Exercise data.
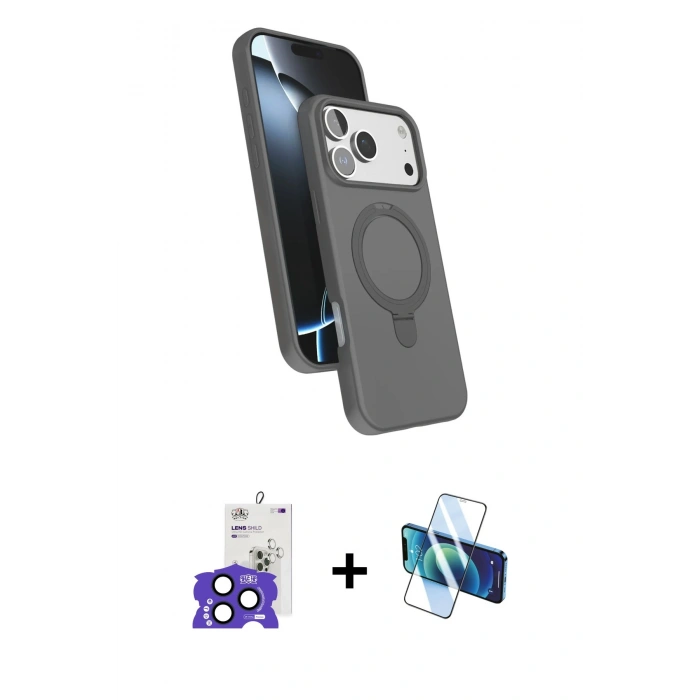 MARSİLYAN™- iPhone 17 Pro Max Kılıf İz Işık Koleksiyonu - Siyah 3D Antistatik Seramik Nano Ekran Koruyucu + Bilvis Titan Kamera Lens - LT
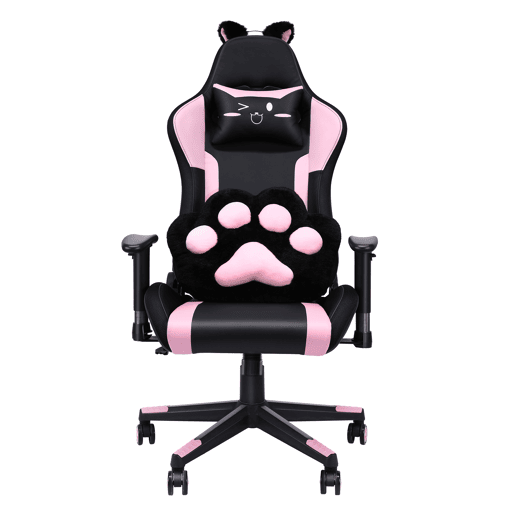 Cadeira gaming com altifalantes, vídeo e iluminação RGB com assento em couro sintético PU ajustável, cadeira giratória para computador e-sport com apoio lombar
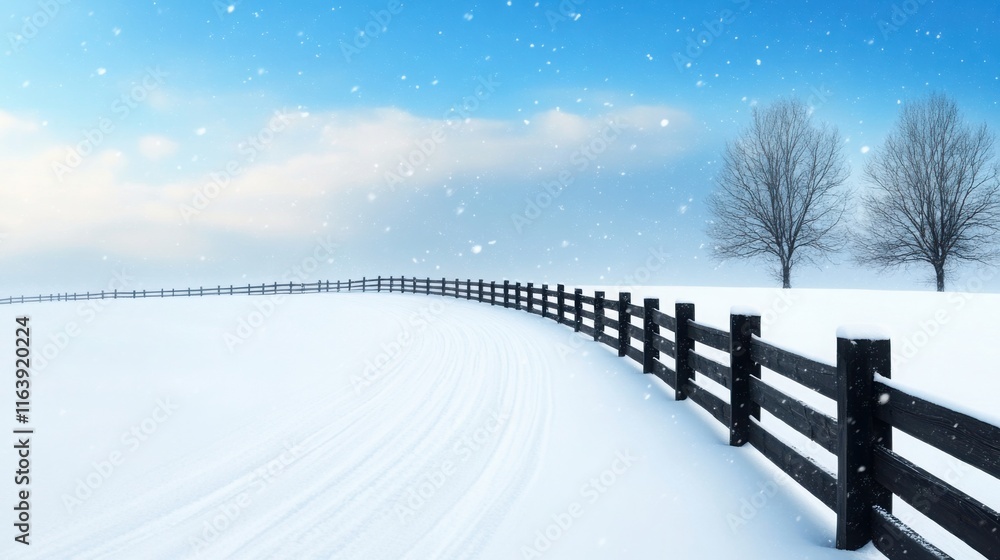 a countryside landscape with a wooden fence and open fields, as snow falls heavily a countryside landscape with a wooden fence and open fields, as snow falls heavily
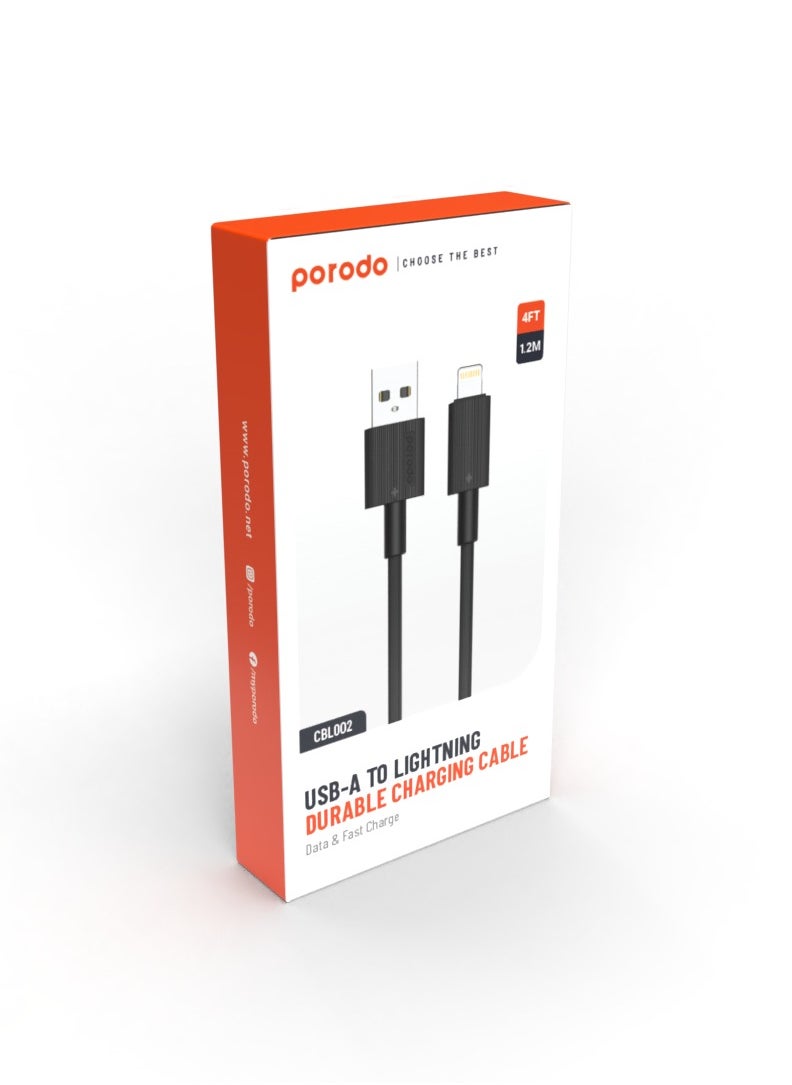 porodo - USB-A to Lightning Durable Charging Cable 1.2m / Data Transfer & Fast Charging / Tangle Free / PVC Cable - Black - Image 1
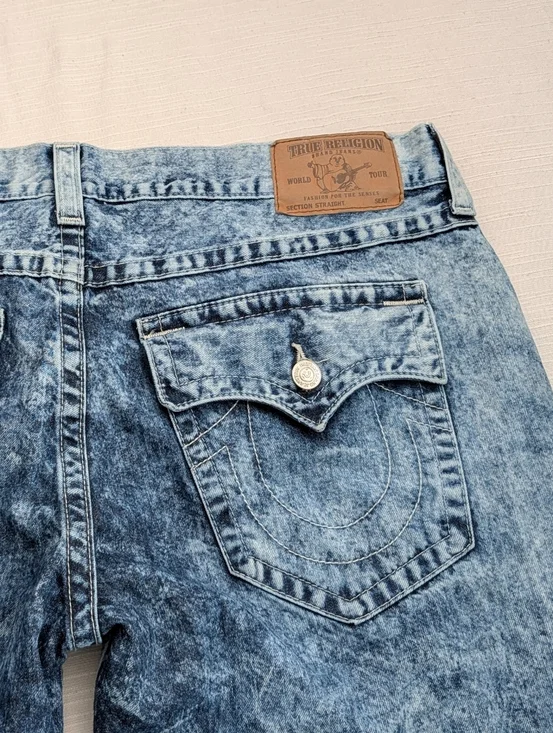 True Religion Acid Wash Denim Home Made Cut Off Short Men 42 RN#112970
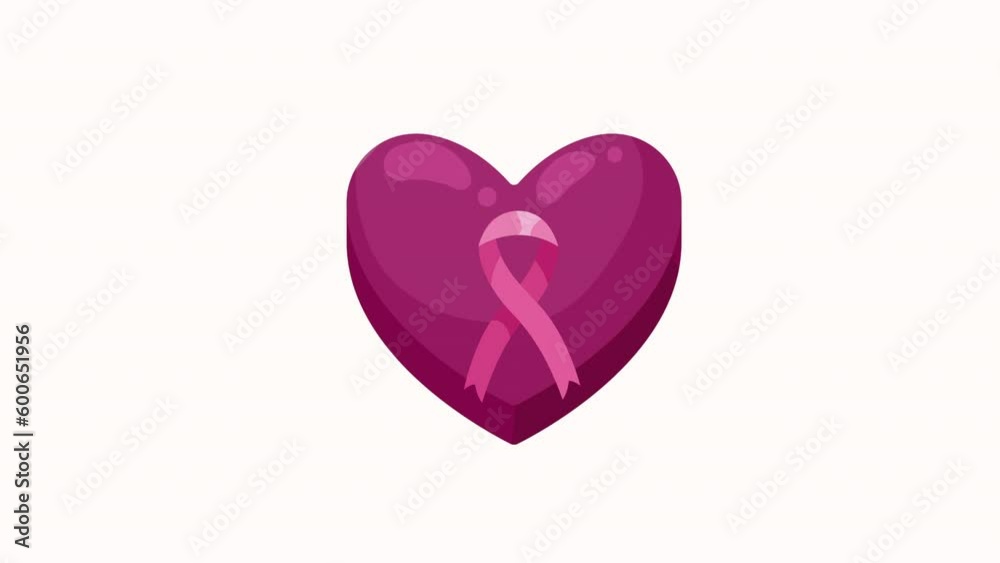 breast cancer pink ribbon in heart animation breast cancer pink ribbon in heart animation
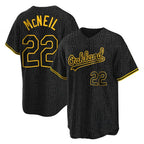 Athletics #22 Jeff McNeil Player Black Snake Skin City Home Game Gdoa Stitched Jerseys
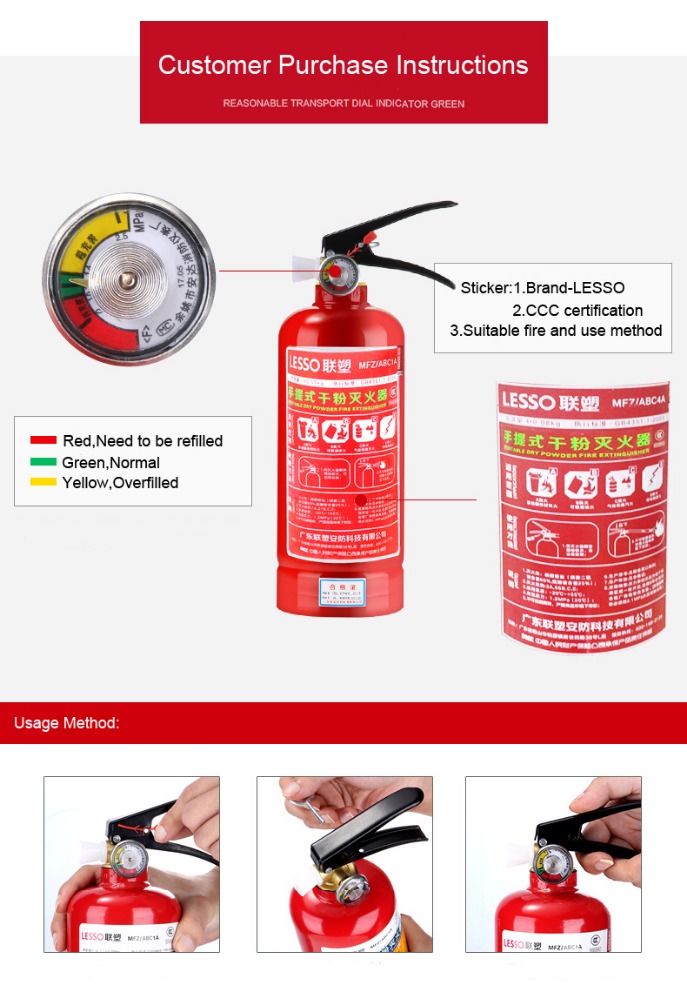 LESSO Simple Structure and Easy To Operate MSDS Report Top Seller Portable Dry Powder Fire Extinguishers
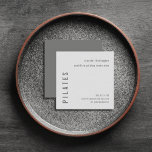 Minimal Modern Simple Grey Pilates Fitness Square Business Card<br><div class="desc">Minimal and simple fully customisable Pilates business card  in shades of grey with minimal typography,  a fully customisable text template. The perfect choice for any professional Pilates studio,  Pilates instructor,  Pilates teacher or any other business.</div>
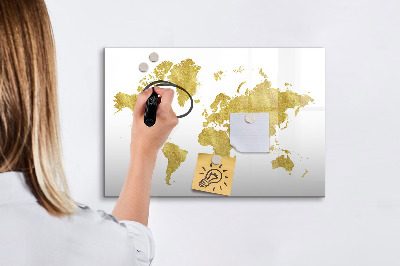 Tableau magnétique effaçable Carte du monde avec espace pour les photos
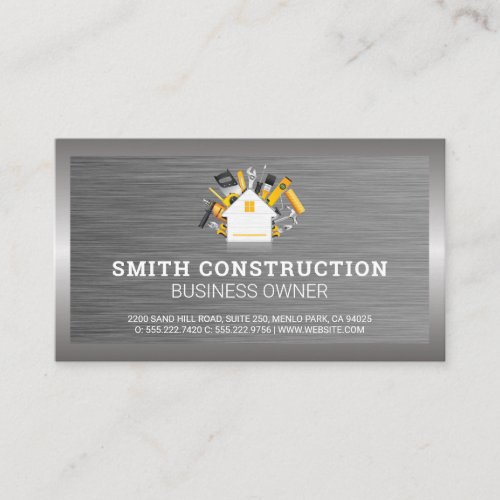 Construction  Home Repair Tools  Steel Texture Business Card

Exercise brief.
Each entry above should be printed exactly, and any picture in it left out.

Answer to this exercise.
 MARSİLYAN™- iPhone 17 Pro Max Kılıf İz Işık Koleksiyonu - Siyah 3D Antistatik Seramik Nano Ekran Koruyucu + Bilvis Titan Kamera Lens - LT
 Cadeira gaming com altifalantes, vídeo e iluminação RGB com assento em couro sintético PU ajustável, cadeira giratória para computador e-sport com apoio lombar
 a countryside landscape with a wooden fence and open fields, as snow falls heavily a countryside landscape with a wooden fence and open fields, as snow falls heavily
 porodo - USB-A to Lightning Durable Charging Cable 1.2m / Data Transfer & Fast Charging / Tangle Free / PVC Cable - Black - Image 1
 True Religion Acid Wash Denim Home Made Cut Off Short Men 42 RN#112970
 breast cancer pink ribbon in heart animation breast cancer pink ribbon in heart animation
 Athletics #22 Jeff McNeil Player Black Snake Skin City Home Game Gdoa Stitched Jerseys
 LESSO Simple Structure and Easy To Operate MSDS Report Top Seller Portable Dry Powder Fire Extinguishers
 Minimal Modern Simple Grey Pilates Fitness Square Business Card<br><div class="desc">Minimal and simple fully customisable Pilates business card  in shades of grey with minimal typography,  a fully customisable text template. The perfect choice for any professional Pilates studio,  Pilates instructor,  Pilates teacher or any other business.</div>
 Tableau magnétique effaçable Carte du monde avec espace pour les photos
 Construction  Home Repair Tools  Steel Texture Business Card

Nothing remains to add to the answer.